Go Back   MobileRead Forums > E-Book Software > Sigil

Notices

Reply
 
Thread Tools Search this Thread
Old 03-29-2010, 06:46 AM   #16
JayLaFunk
Connoisseur
JayLaFunk will become famous soon enoughJayLaFunk will become famous soon enoughJayLaFunk will become famous soon enoughJayLaFunk will become famous soon enoughJayLaFunk will become famous soon enoughJayLaFunk will become famous soon enough
 
JayLaFunk's Avatar
 
Posts: 94
Karma: 538
Join Date: Nov 2009
Device: iPad
Would be good if there was a sticky with all your regex, detailing what they exactly do and a simple guide to put them in the right place, something like what they have over at MP3Tag...

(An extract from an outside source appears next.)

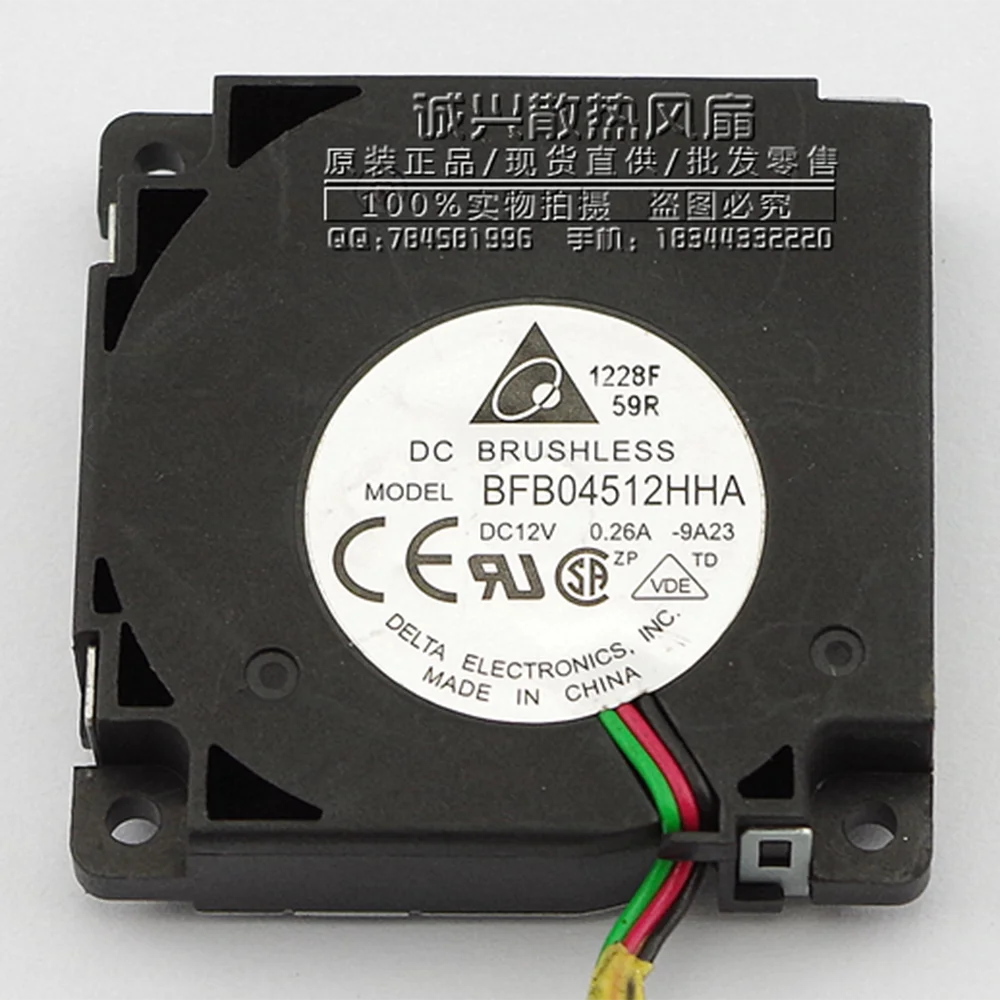 Рисунок 3 - Оригинальный вентилятор для DELTA BFB04512HHA 4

Now can someone make one for removing all unwanted white space, I have a few ebooks where every line has a white space beneath it, have tried a few ways of getting rid to make the epub more compact but no joy so far

Jay
JayLaFunk is offline   Reply With Quote
Old 03-29-2010, 07:34 PM   #17
charleski
Wizard
charleski ought to be getting tired of karma fortunes by now.charleski ought to be getting tired of karma fortunes by now.charleski ought to be getting tired of karma fortunes by now.charleski ought to be getting tired of karma fortunes by now.charleski ought to be getting tired of karma fortunes by now.charleski ought to be getting tired of karma fortunes by now.charleski ought to be getting tired of karma fortunes by now.charleski ought to be getting tired of karma fortunes by now.charleski ought to be getting tired of karma fortunes by now.charleski ought to be getting tired of karma fortunes by now.charleski ought to be getting tired of karma fortunes by now.
 
Posts: 1,196
Karma: 1281258
Join Date: Sep 2009
Device: PRS-505
Quote:
Originally Posted by JayLaFunk View Post
I have a few ebooks where every line has a white space beneath it, have tried a few ways of getting rid to make the epub more compact but no joy so far

Jay
That sounds like a problem with the css rather than the body text.
charleski is offline   Reply With Quote
Old 03-30-2010, 06:54 AM   #18
JayLaFunk
Connoisseur
JayLaFunk will become famous soon enoughJayLaFunk will become famous soon enoughJayLaFunk will become famous soon enoughJayLaFunk will become famous soon enoughJayLaFunk will become famous soon enoughJayLaFunk will become famous soon enough
 
JayLaFunk's Avatar
 
Posts: 94
Karma: 538
Join Date: Nov 2009
Device: iPad
Quote:
Originally Posted by charleski View Post
That sounds like a problem with the css rather than the body text.
Sorry for appearing dumb about these things but do you mean the stylesheet.css

I loaded a correct epub in Sigil 0.2, copied the stylesheet.css info to Notepad then did the same with one of my epubs which has the white spaces, compared the info between the two but they both look similar.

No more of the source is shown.